In common with all other Royal Navy wooden screw gunvessels, the Cormorants were rigged as barques, that is with three masts, with the fore and main masts square rigged, and the mizzen fore-and-aft rigged.

==Construction==
The first 6 ships were ordered from commercial yards (Money Wigram & Sons, C J Mare & Co and J Scott Russell). A further batch of 4 ships (including Myrmidon) were ordered on 5 March 1860 and the final batch of 3 (Pegasus – Guernsey) on 25 March 1862. The first completed ships had a draught of 11–12 ft, exceeding the intended 8 ft by a considerable margin. Since gunvessels were intended to work in shallow water while bombarding the shore, work on the later two batches was suspended.
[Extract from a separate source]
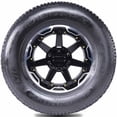 thumbnail image 2 of Llanta 235/60R17 102T Chengshan CSC-302, 2 of 4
Sylvia, Nassau and Myrmidon were suspended in 1862 or 1863, but were resumed, being finished as survey vessels. She was launched on 5 June 1867 and commissioned in October 1867.

==Operational service==
Myrmidon commenced service on the North America and West Indies Station. She served on the Australia Station from 14 March 1885 and undertook hydrographic surveys along the Australian coastline until she left the Australia Station in 1888. In April 1887 she was involved in a collision with the troopship HMS Tyne near Sydney.

==Fate==
She sailed to Hong Kong and was sold in April 1889 for £3000. Her eventual fate is unknown.